All’altra estremità dello spettro ci sono gli attacchi “black box”, in cui gli autori degli attacchi hanno una conoscenza minima o nulla del modello AI. Se il modello fornisce una certezza statistica con la classificazione e, ad esempio, la probabilità che un file sia un malware, gli aggressori possono utilizzare metodi basati sul gradiente.
Possono modificare iterativamente un file malware, controllare la probabilità di malware calcolata dal modello e regolare la successiva serie di modifiche in base alla probabilità di aumento o diminuzione. In questo modo raggiungono il loro obiettivo passo dopo passo, procedendo per tentativi finché il file non riceve una probabilità molto bassa di essere un malware.
Adversarial Machine Learning: come proteggersi
Per proteggere i sistemi di ML, i difensori possono utilizzare metodi in grado di prevenire, rendere più complessi o rilevare gli attacchi. Ad esempio, quando si aggiungono stringhe benigne a un file malware, un modello di classificazione monotonico continuerà a rilevare correttamente il file: per il modello non è importante quanti tratti benigni abbia un file se sono presenti anche tratti malware.

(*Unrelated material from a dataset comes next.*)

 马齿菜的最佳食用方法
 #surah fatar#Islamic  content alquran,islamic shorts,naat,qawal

Gli attacchi basati sul gradiente possono essere complicati da modelli che producono solo le cosiddette “hard label”, ovvero nessuna probabilità e solo categorie (ad esempio, “malware” o “applicazione benigna”) come risultato finale.
Tuttavia, un aggressore potrebbe addestrare un modello proxy basandosi sull’output hard label del modello vittima come baseline di riferimento, supponendo che l’aggressore sia in grado di raccogliere una quantità sufficiente di record di output.

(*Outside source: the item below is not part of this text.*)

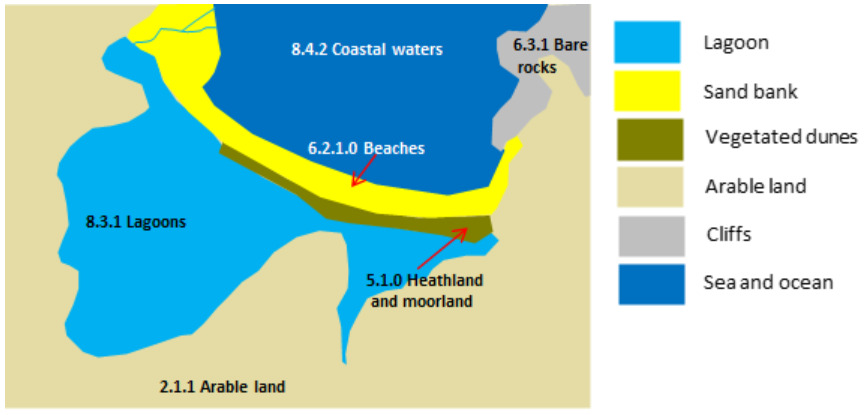 This schematic map illustrates the land cover classification of a typical coastal lagoon landscape, detailing the spatial arrangement of various environmental features. The map uses a colour-coded legend to represent distinct land cover types and includes associated classification codes. The legend on the right indicates: * Light blue: Lagoon (represented as '8.3.1 Lagoons' in the main body). * Yellow: Sand bank (represented as '6.2.1.0 Beaches' by a red arrow pointing to a segment of the yellow area). * Olive green: Vegetated dunes. * Light beige: Arable land (represented as '2.1.1 Arable land' and '5.1.0 Heathland and moorland' by a red arrow, though 'Heathland and moorland' is partially obscured). * Grey: Cliffs (represented as '6.3.1 Bare rocks' in a grey area). * Dark blue: Sea and ocean (represented as '8.4.2 Coastal waters'). The map shows a large body of '8.3.1 Lagoons' (light blue) separated from '8.4.2 Coastal waters' (dark blue) by a barrier composed of a 'Sand bank' / '6.2.1.0 Beaches' (yellow) and 'Vegetated dunes' (olive green). A small river or inlet (light blue line) feeds into the coastal waters from the upper left. Surrounding these coastal features are extensive areas of '2.1.1 Arable land' (light beige) and '5.1.0 Heathland and moorland' (light beige). On the northeastern side of the coastal waters, a grey area represents '6.3.1 Bare rocks' / 'Cliffs'. There is no scale bar, compass, or specific date.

Questo modello proxy può quindi essere utilizzato per approssimare il gradiente del modello vittima. Pertanto, l’obiettivo dei difensori non è quello di sventare la totalità dei possibili attacchi, ma di aumentare il costo che l’avversario deve sostenere per trovare vie percorribili per attaccare i sistemi di ML e di garantire la possibilità di rilevare quando i propri sistemi di ML sono sotto attacco.

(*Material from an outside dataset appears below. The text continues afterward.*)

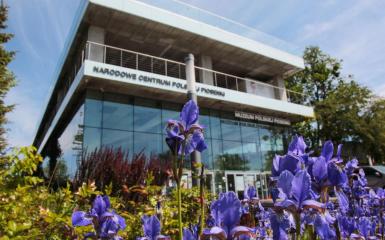 Amfiteatr Tysiąclecia w Opolu wiosną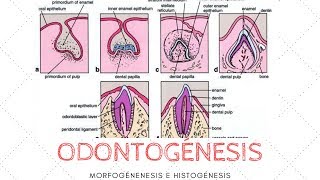 ODONTOGÉNESIS MORFOGÉNESIS E HISTOGÉNESIS [upl. by Dimitris665]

I difensori possono accedere a una gamma più ampia di fonti di dati, ad esempio utilizzando l’Extended Detection and Response (XDR) per proteggersi dagli attacchi di Adversarial Machine Learning.
Tuttavia, è importante che gli esperti in sicurezza informatica non si affidino esclusivamente all’AI e non si fidino completamente dei suoi risultati. Considerando che l’AI porta con sé una propria superficie di attacco, gli esperti devono evitare le monoculture di AI e incorporare altri approcci potenti, come gli indicatori di attacco.
In ultima analisi, i fornitori di sicurezza hanno bisogno soprattutto di una cosa: le competenze umane.
Dopo tutto, la capacità di riconoscere gli attacchi ML avversari e di adattare di conseguenza i propri modelli di AI è fondamentale quando si tratta di costruire una strategia di difesa efficace.